The records below must be output exactly, without pictures.
*** RECORDS SUPPLIED Section Begins ***
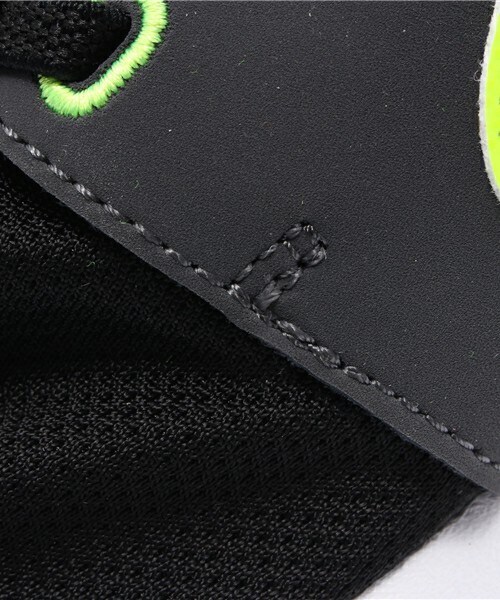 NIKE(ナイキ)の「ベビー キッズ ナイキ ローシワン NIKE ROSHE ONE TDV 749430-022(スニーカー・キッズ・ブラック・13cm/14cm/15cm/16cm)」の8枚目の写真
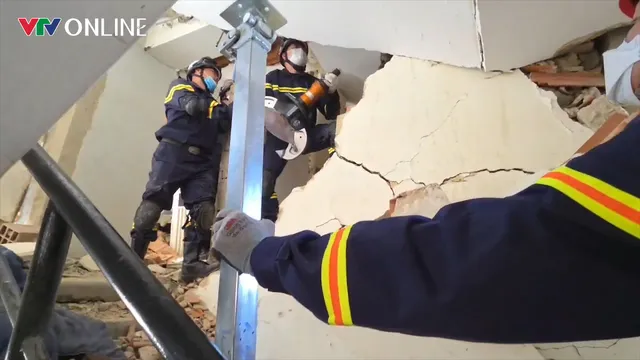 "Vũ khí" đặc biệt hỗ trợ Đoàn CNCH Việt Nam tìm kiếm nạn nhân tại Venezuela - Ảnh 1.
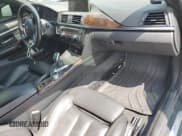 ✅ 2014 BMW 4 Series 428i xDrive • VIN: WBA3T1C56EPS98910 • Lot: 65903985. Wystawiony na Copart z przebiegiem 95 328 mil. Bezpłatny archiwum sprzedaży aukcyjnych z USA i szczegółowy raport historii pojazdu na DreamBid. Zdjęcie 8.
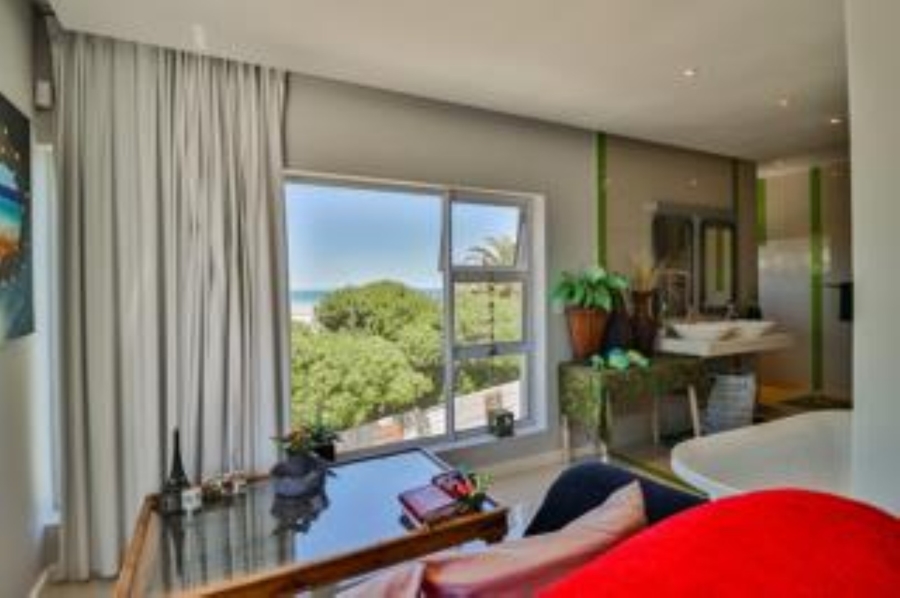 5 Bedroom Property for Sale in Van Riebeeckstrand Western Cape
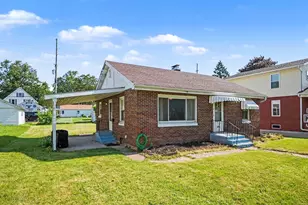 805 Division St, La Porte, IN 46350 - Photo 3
*** RECORDS SUPPLIED Section Ends ***
» RESULT
 NIKE(ナイキ)の「ベビー キッズ ナイキ ローシワン NIKE ROSHE ONE TDV 749430-022(スニーカー・キッズ・ブラック・13cm/14cm/15cm/16cm)」の8枚目の写真
 "Vũ khí" đặc biệt hỗ trợ Đoàn CNCH Việt Nam tìm kiếm nạn nhân tại Venezuela - Ảnh 1.
 ✅ 2014 BMW 4 Series 428i xDrive • VIN: WBA3T1C56EPS98910 • Lot: 65903985. Wystawiony na Copart z przebiegiem 95 328 mil. Bezpłatny archiwum sprzedaży aukcyjnych z USA i szczegółowy raport historii pojazdu na DreamBid. Zdjęcie 8.
 5 Bedroom Property for Sale in Van Riebeeckstrand Western Cape
 805 Division St, La Porte, IN 46350 - Photo 3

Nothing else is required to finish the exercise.